The 1st problem is... Why did the resistor burn-up? Maybe the battery is bad/shorted?

How big is the resistor, physically? You can get a good idea of the resistor's power rating from it's size. (Just look-up some specs/dimensions online.)

A lower value resistor will allow more current and generate more heat. A higher value resistor will generate less heat (and is less-likely to burn-up

) but the battery will charge more slowely.

I'm not sure why the diode is there, unless it's to prevent you from charging the battery "backwards" (discharging it). Or, I wonder if it's a Zener diode, which drops a fixed voltage? A zener diode would have to be big enough to dissipate a few watts of power (maybe 3W).
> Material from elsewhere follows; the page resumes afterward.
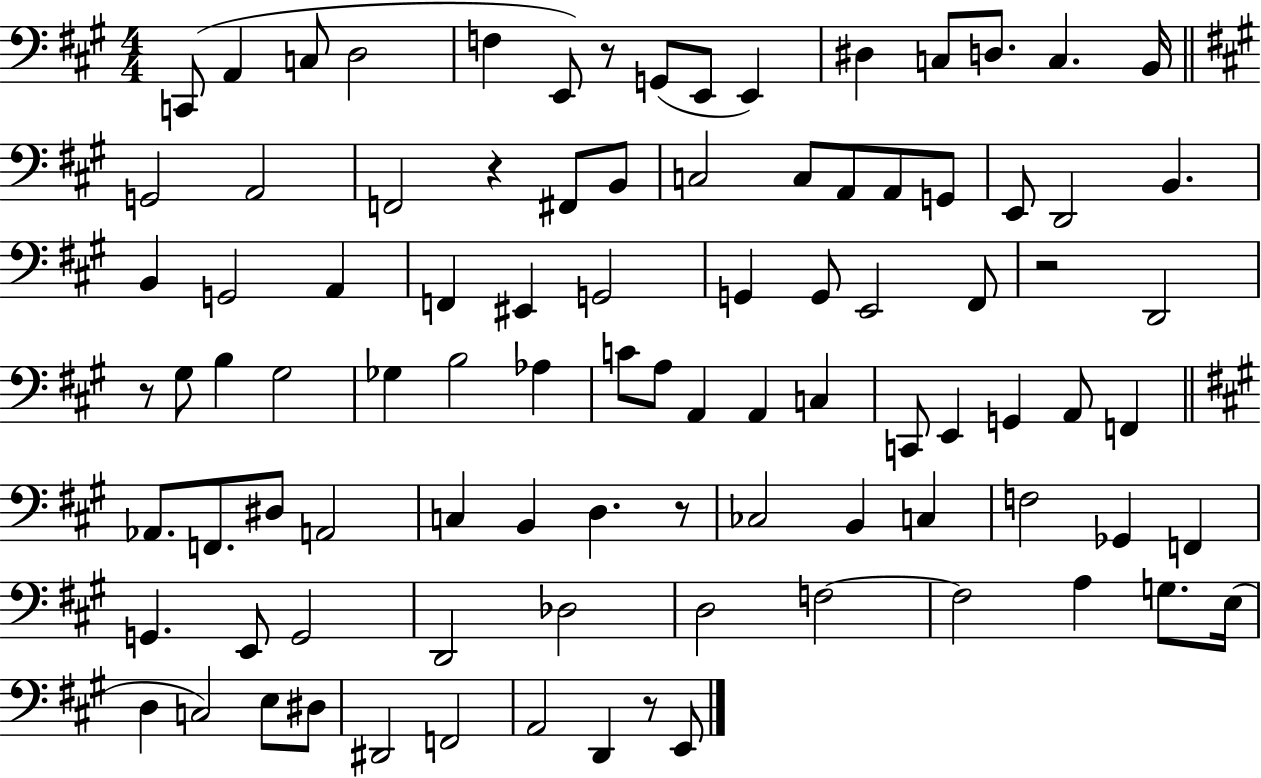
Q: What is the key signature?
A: A major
A regular diode can be small and only needs something more than the 500mA

*current* rating. Any diode can handle 12 Volts.

6W max with output DC 12 500mA

OK "worst case'', with minimum resistor value and a shorted battery, you'd need a 6 Watt resistor. If we take one of the power formulas (Voltage squared/R or Current squared x R), we can manipulate the formula and calculate the minimum resistance = 24 Ohms.

A 144 Ohm resistor with 12V applied across it (again assuming a shorted or completely dead battery with no internal resistance) would dissipate 1W. You won't find a 144 Ohm resistor, but you could probably find 150 Ohms.

*Please* double-check my math before you solder anything!

A Zener diode sort-of makes sense... With, say 5V, dropped across the Zener, the resistor & battery only have to share about 7V and you can get-away with a lower-value, lower-power resistor and the battery chould charge faster.